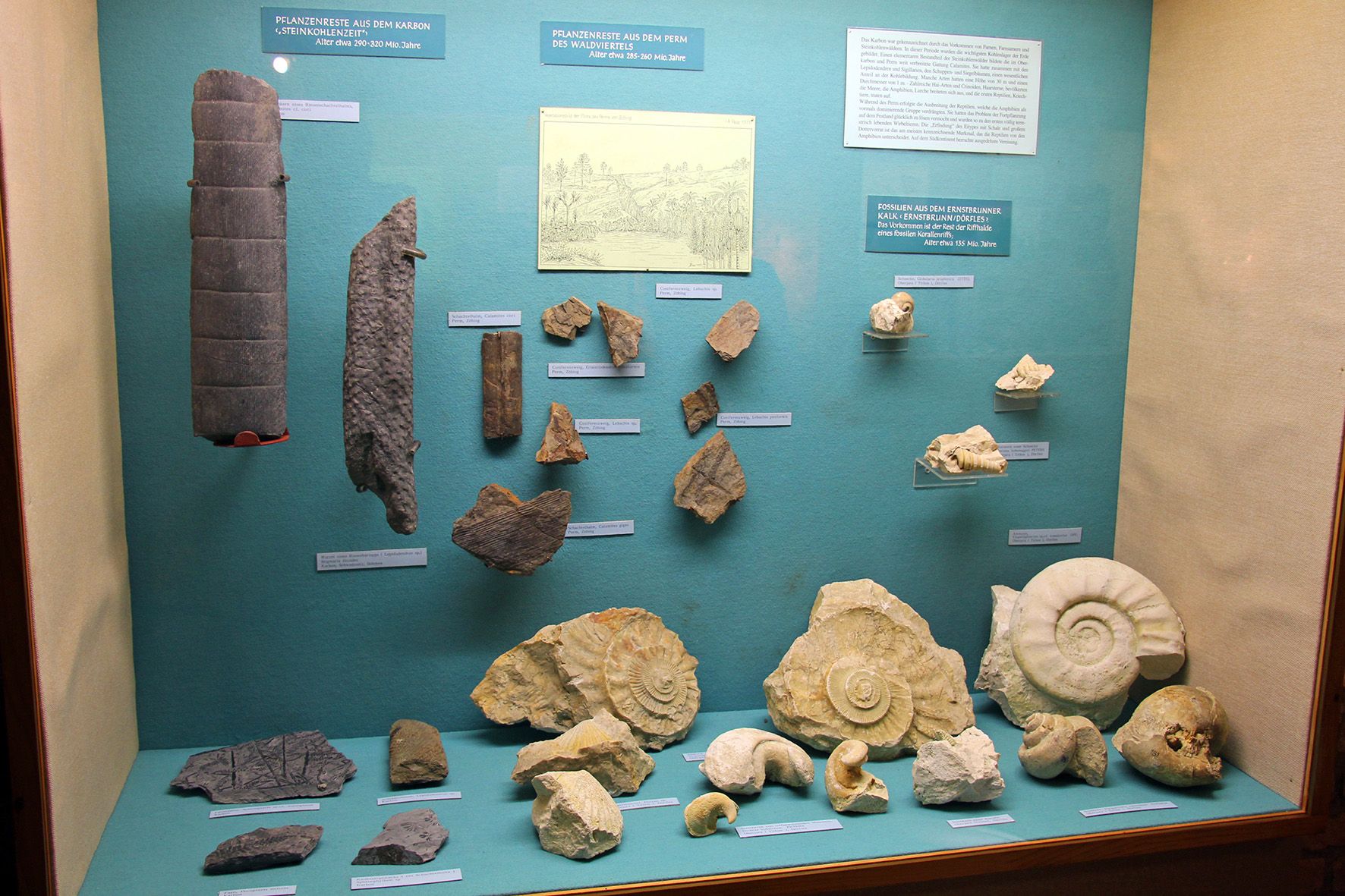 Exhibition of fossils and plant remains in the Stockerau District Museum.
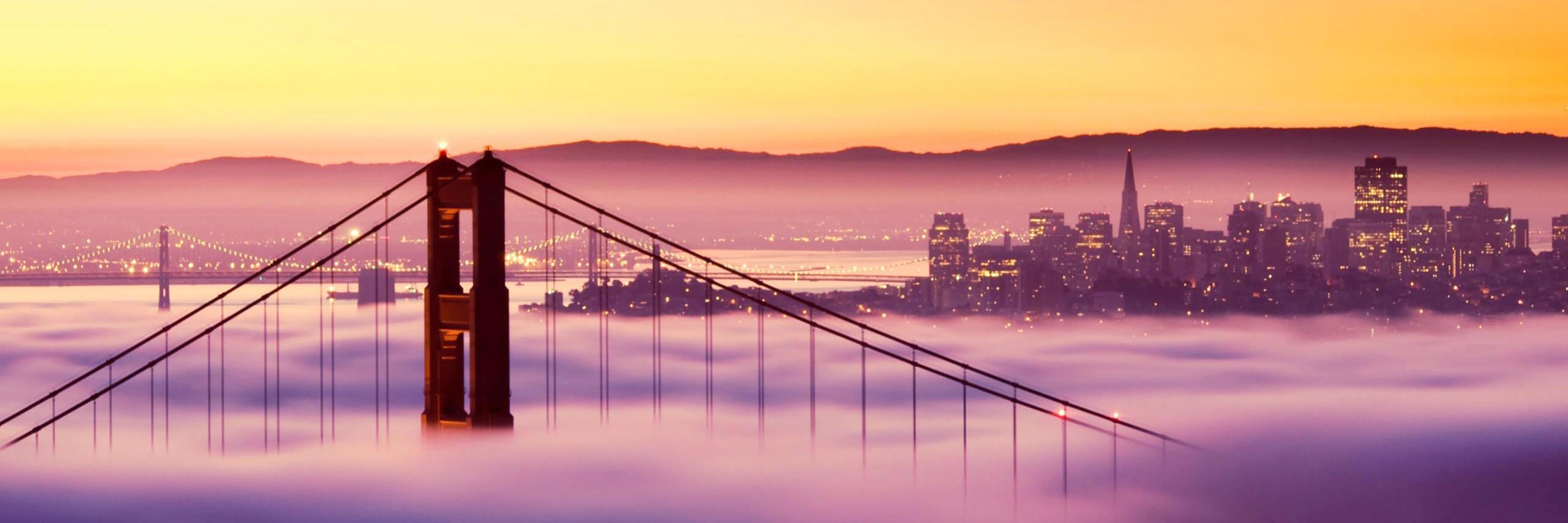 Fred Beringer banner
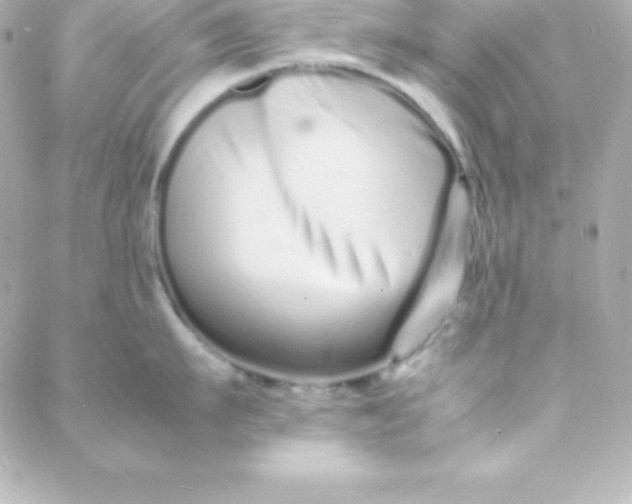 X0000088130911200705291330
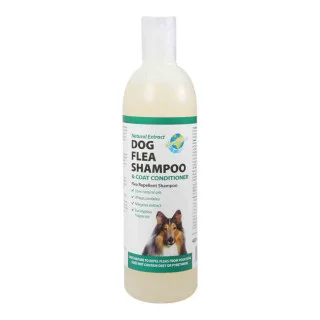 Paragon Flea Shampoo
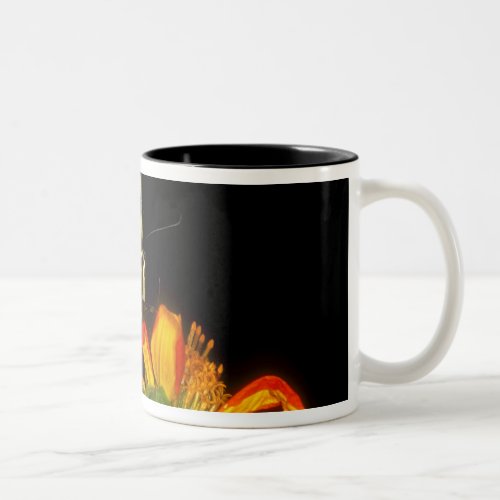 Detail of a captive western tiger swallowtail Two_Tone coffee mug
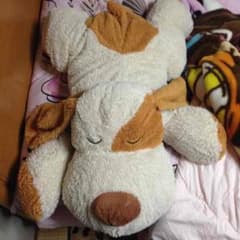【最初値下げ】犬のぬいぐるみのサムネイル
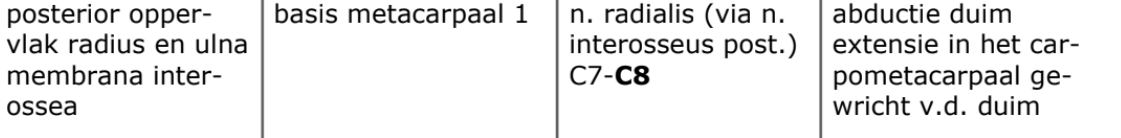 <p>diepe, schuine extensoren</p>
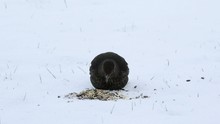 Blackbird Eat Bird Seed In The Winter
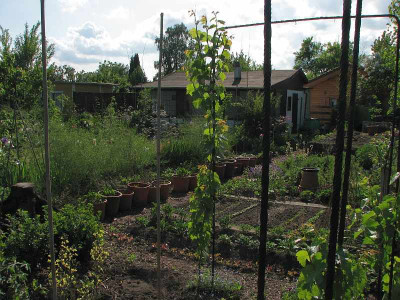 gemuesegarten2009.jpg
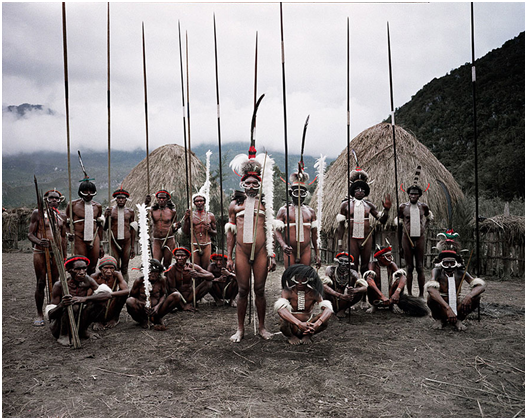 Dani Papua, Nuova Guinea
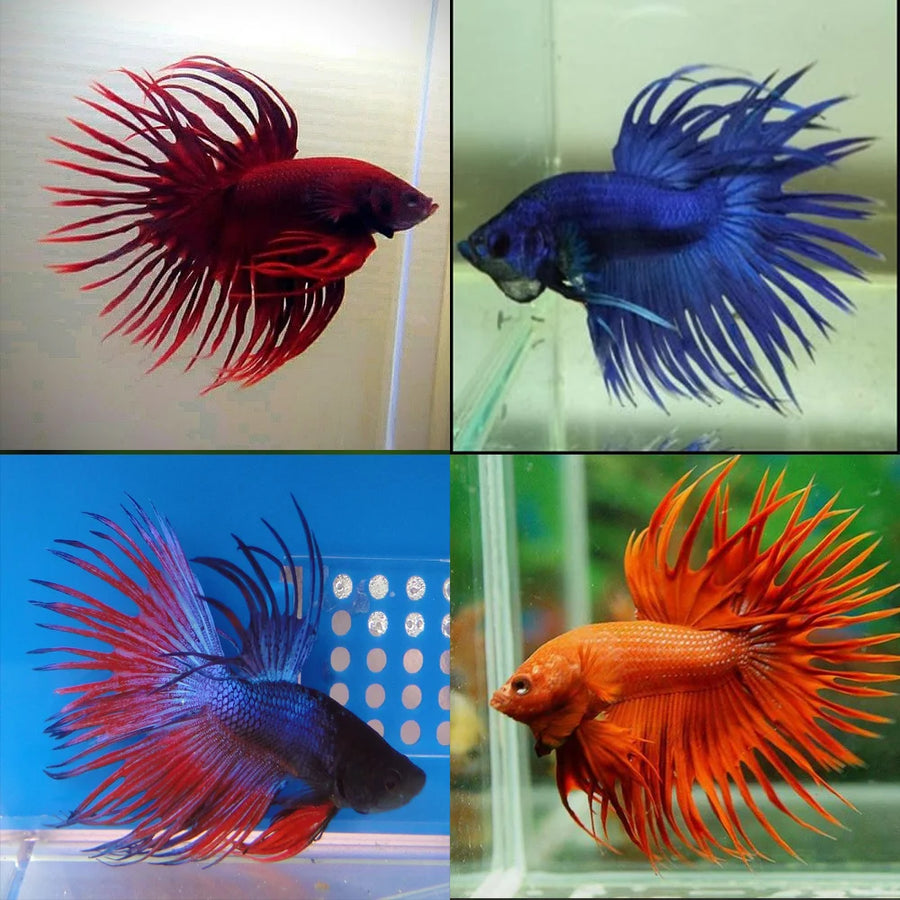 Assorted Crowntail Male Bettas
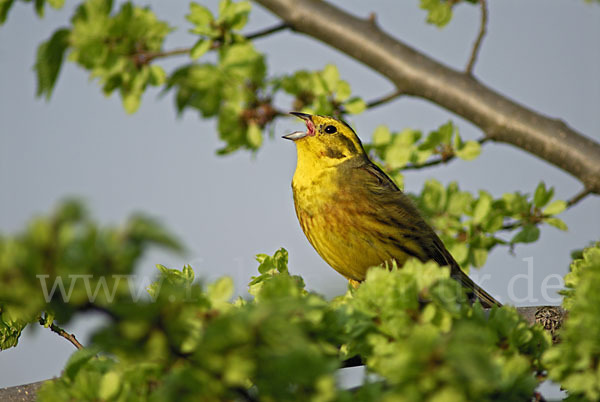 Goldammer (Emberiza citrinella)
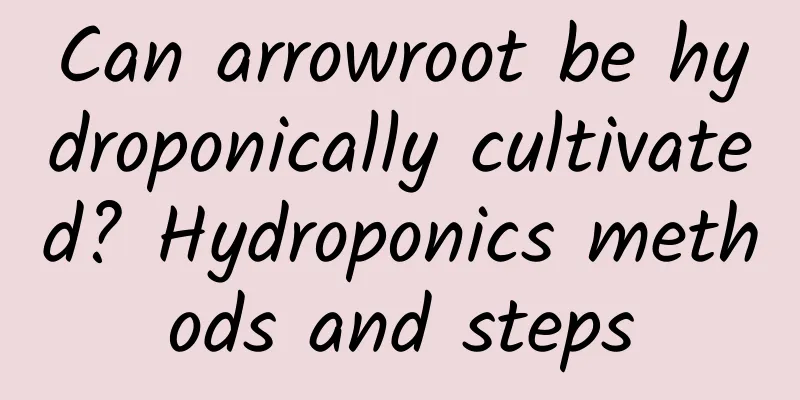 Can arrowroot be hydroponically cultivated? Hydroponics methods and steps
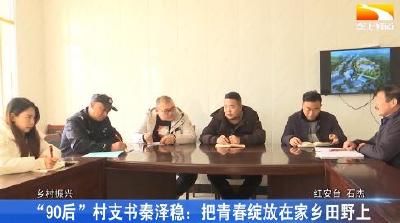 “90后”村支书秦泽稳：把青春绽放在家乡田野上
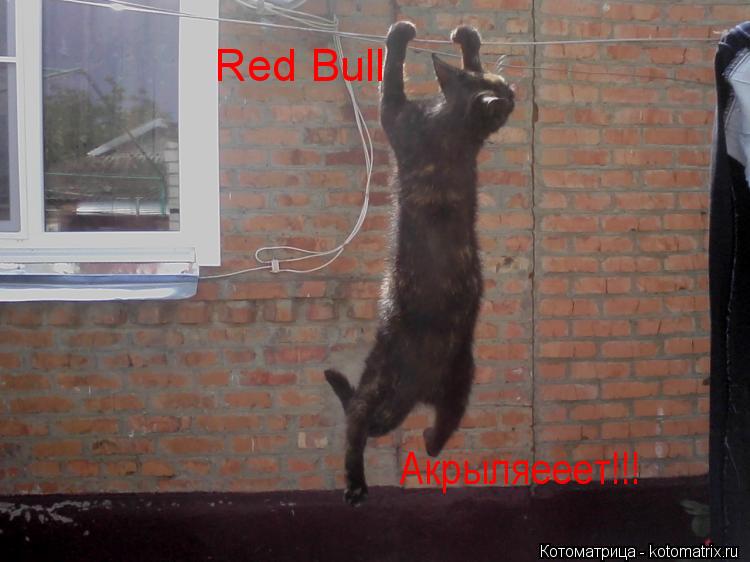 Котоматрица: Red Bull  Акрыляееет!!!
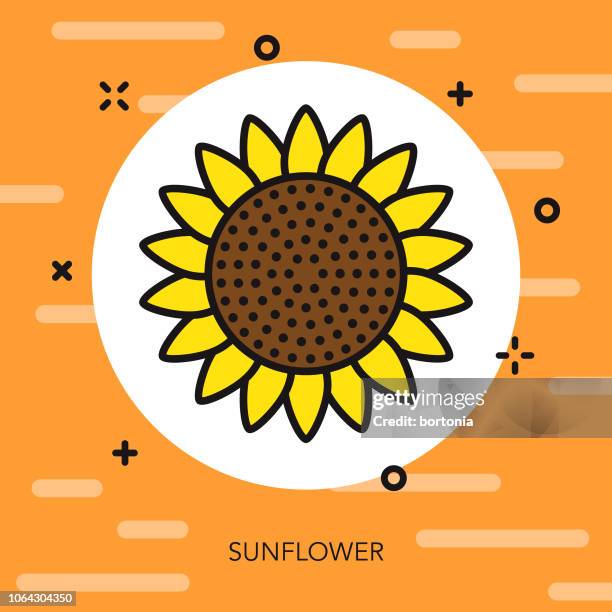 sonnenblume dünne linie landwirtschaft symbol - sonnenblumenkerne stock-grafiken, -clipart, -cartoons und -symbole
-=-=-
Your copy should consist solely of the lines from the line containing "X0000088130911200705291330" through the last line of the records above, reproduced exactly, with the pictures left out.

 X0000088130911200705291330
 Paragon Flea Shampoo
 Detail of a captive western tiger swallowtail Two_Tone coffee mug
【最初値下げ】犬のぬいぐるみのサムネイル
 <p>diepe, schuine extensoren</p>
 Blackbird Eat Bird Seed In The Winter
 gemuesegarten2009.jpg
 Dani Papua, Nuova Guinea
 Assorted Crowntail Male Bettas
 Goldammer (Emberiza citrinella)
 Can arrowroot be hydroponically cultivated? Hydroponics methods and steps
 “90后”村支书秦泽稳：把青春绽放在家乡田野上
 Котоматрица: Red Bull  Акрыляееет!!!
 sonnenblume dünne linie landwirtschaft symbol - sonnenblumenkerne stock-grafiken, -clipart, -cartoons und -symbole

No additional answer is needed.